Will you write out, word for word, every line from the one with "The North Face The" to the final line of the data below, with the pictures left out?

- Dataset excerpt -
....................
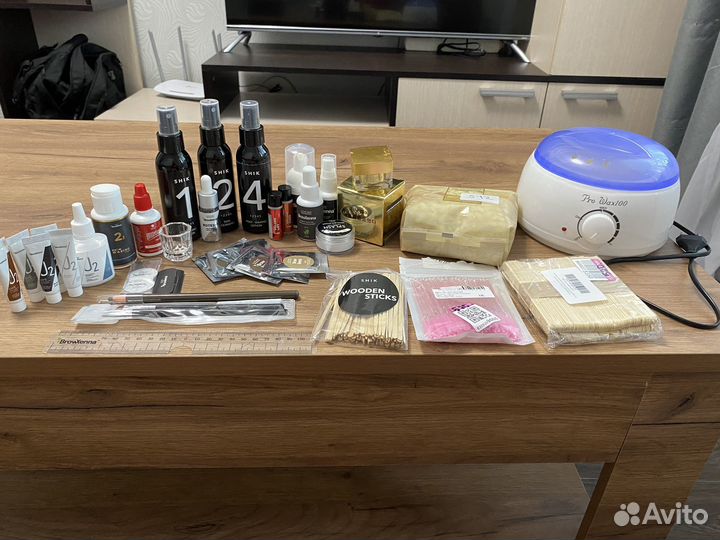 Набор бровиста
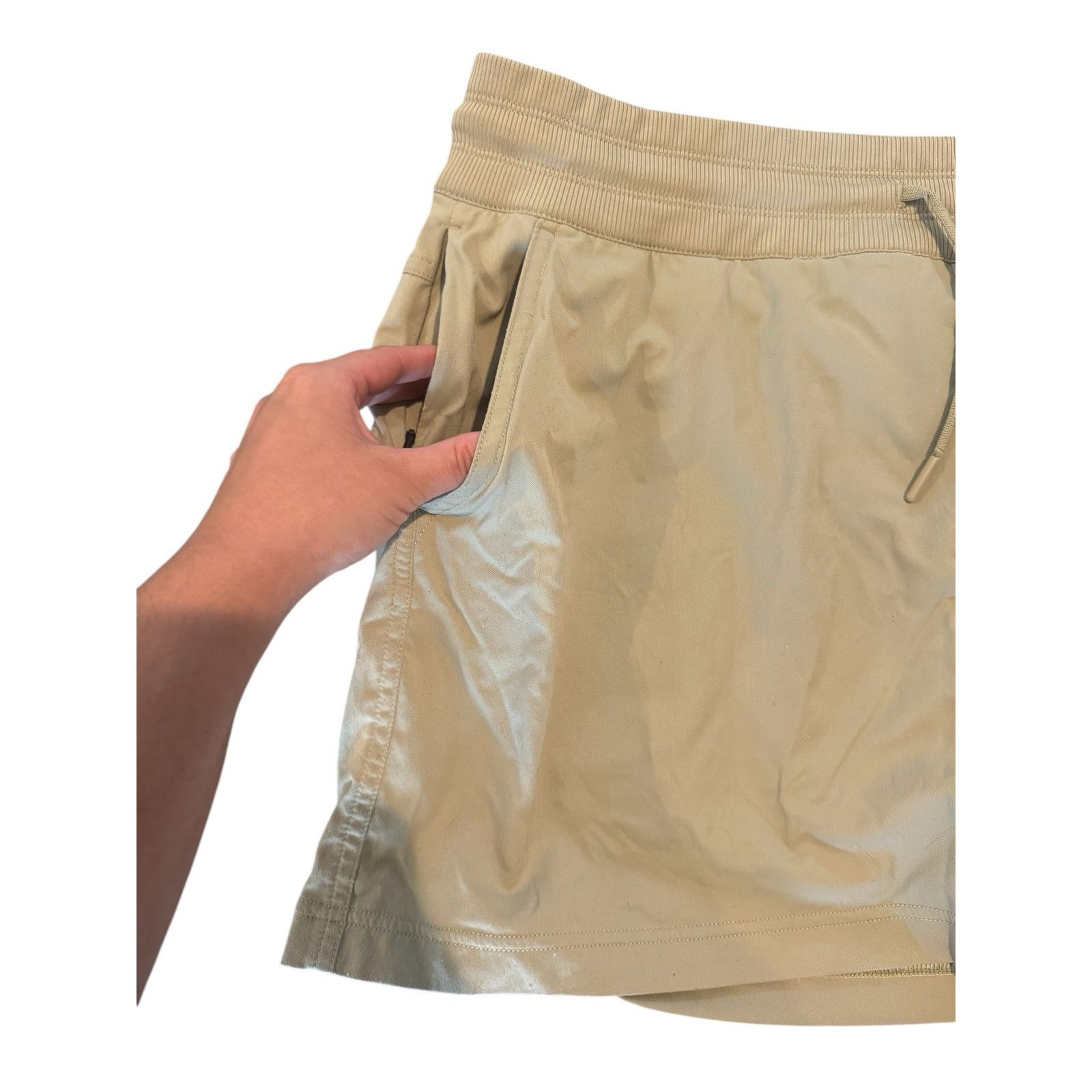 The North Face The North Face Womens XL Performance Beige Aphrodite Skort Size 35" - 6 Thumbnail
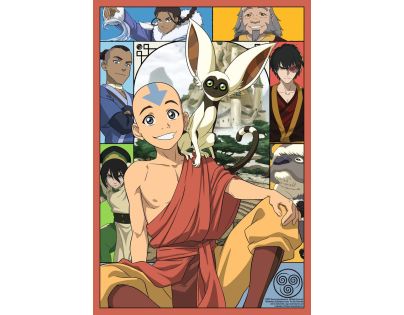Fandom kolekce: Avatar - Legenda o Aangovi 300 dílků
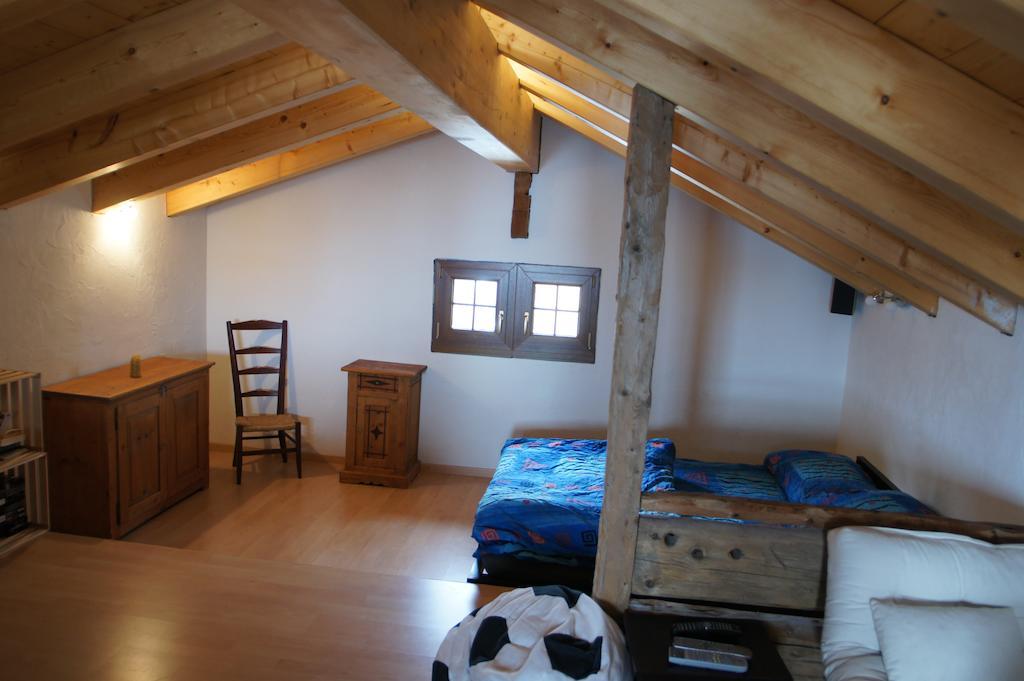 Chalet Edelweiss Heremence Номер фото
....................
- Solution to this exercise -
 The North Face The North Face Womens XL Performance Beige Aphrodite Skort Size 35" - 6 Thumbnail
Fandom kolekce: Avatar - Legenda o Aangovi 300 dílků
 Chalet Edelweiss Heremence Номер фото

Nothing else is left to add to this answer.